The million dollar life insurance policy would take care of the credit cards and the debt owed to John. But, Rita reasoned, two million dollars would be even better.
For the next two months, Rick stockpiled non-perishable food and basic necessities, along with survival gear in the basement of his own house. He scoured the classifieds and kijiji looking for a used inflatable dinghy, then made the purchase in cash, meeting the seller on a back street. Doug, Rita, and Rick spent their weekends at their waterfront retreat in the Terrace Bay area, the same as they did every summer. Only this time, they went for long drives and hikes scouting out locations. They searched for old abandoned cabins and rock caves. When they took the Sea Ray out for a tour on the lake, they searched for the perfect spot.
The weekend Doug and Rita died in the explosion, they set out from the cottage on Saturday afternoon and headed out on the lake, cruising along the coastline till nightfall. They headed out further into the lake somewhere past Marathon. Around 10 pm, they abandoned the Sea Ray and boarded the dinghy Rick had purchased for this purpose. Doug used his flashlight to send a signal toward the shore.

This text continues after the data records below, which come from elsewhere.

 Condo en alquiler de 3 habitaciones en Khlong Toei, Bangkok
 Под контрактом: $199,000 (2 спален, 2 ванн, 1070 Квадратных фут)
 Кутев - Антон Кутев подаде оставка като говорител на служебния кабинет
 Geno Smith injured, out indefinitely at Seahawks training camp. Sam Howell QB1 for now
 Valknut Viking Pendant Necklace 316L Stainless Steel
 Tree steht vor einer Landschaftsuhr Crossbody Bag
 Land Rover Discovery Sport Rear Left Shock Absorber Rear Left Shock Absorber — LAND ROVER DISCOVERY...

“Over there...I see it,” Rita shouted when she saw a couple of responding flashes of light on the shore in the distance. Doug and Rita rowed across Superior toward the beacon. They had spent hours in the preceding weeks practising manoeuvering the dinghy through the rough waters. It was tougher in the dark, but Rick was on the shore, in a secluded area, guiding them to safety with a couple of flashes of light every few minutes.

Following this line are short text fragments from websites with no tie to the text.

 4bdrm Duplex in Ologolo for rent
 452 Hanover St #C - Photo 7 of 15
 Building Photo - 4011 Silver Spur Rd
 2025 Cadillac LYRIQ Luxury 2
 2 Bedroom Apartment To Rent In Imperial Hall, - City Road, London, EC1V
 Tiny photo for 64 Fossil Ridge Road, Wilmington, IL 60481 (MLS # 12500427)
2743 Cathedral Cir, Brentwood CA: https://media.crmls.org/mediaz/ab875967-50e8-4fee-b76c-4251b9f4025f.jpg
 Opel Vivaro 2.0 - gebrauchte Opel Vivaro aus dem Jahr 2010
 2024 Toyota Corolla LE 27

Once they reached shore, Rick rushed up to hug them as they stumbled out of the dinghy. “You had me worried. That took longer than I thought it would,” he said, his voice emotional.

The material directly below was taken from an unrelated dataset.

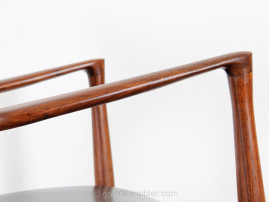 Rio rosewood armchair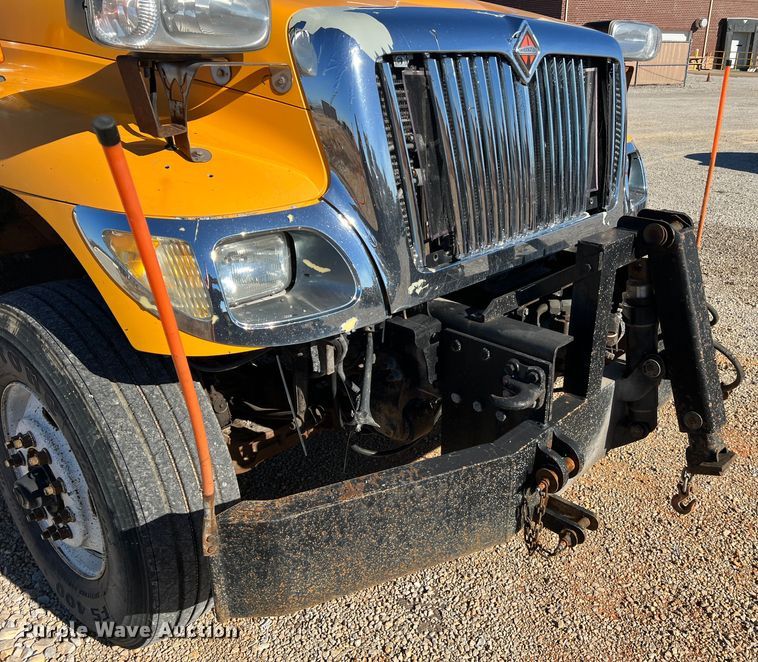 image for item JU9840 2007 International 7400  dump truck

“It’s okay, we’re fine,” reassured his mom. “I’ll admit it was a bit scary out there...”
That was when the boat exploded. They watched the flames and smoke billowing up in the night sky for a few minutes, then Doug said, “Let’s move.” They put on the hooded jackets and glasses Rick had brought along for them. Then Doug punched a hole in the dingy with his knife and let it deflate as they quickly made their way to Rick’s car. As they drove eastward on Highway 17, Rita expressed what they were all thinking.
“Do you think it was enough to sink it? What if they find something?” she worried.
“All we can do now is hope for the best,” Doug told her. “It’s too late to go back.”
Rick drove carefully for the next hour, mindful of the speed limit, till he found the turnoff. Once they entered the gravel backroad, he said, “I’m going to miss you. Be careful out there. I couldn’t bear it if something happened to you.”
Then he stopped the car and they all got out. Rita and Doug gave their son one last hug and told him they loved him before they made their way into the woods on foot. Rick headed back onto Highway 17 toward the cottage where he waited to see how it would play out.
Doug and Rita walked through the darkness, with their flashlight and compass to guide them to the location they had found over a month ago. In the wilderness northeast of White River, close to a stream, was an old rundown shack that had obviously not been used for some time. This was where Rick had brought the supplies he had stockpiled over the last couple of months. This was where Doug and Rita would make their home for the next few weeks.
Roughing it was a lot rougher than they had anticipated. Being used to the amenities and perks of the upper middle class, Doug and Rita were not accustomed to outdoor camping in the least. But you do what you have to do to survive. They made do with packaged and canned food without cooking. The shack provided a bit of shelter. During the cold nights, they huddled together in their sleeping bag, under the blankets. To pass the time, they read the books and played the card games Rick had left them. They didn’t dare start a fire or go for a walk, fearing they’d be seen. It was risky enough hiding out in the shack in the woods. They had no idea whether anyone was looking for them or if they were presumed drowned.
For his part, Rick played the worried son. This wasn’t too difficult a role as he really was worried about them. By the time the explosion had been reported and the coast guard was able to get near enough to the flames, there was little left of the boat. The wreckage made it apparent there were no survivors. Due to the cold water, bodies usually didn’t surface. That afternoon, Rick called the police to report his parents hadn’t returned from their trip out on the lake. They were presumed killed in the explosion, although a search of the area found no signs of their bodies. Rick planned the memorial service and mourned the deaths of his parents. Then he waited for a few weeks.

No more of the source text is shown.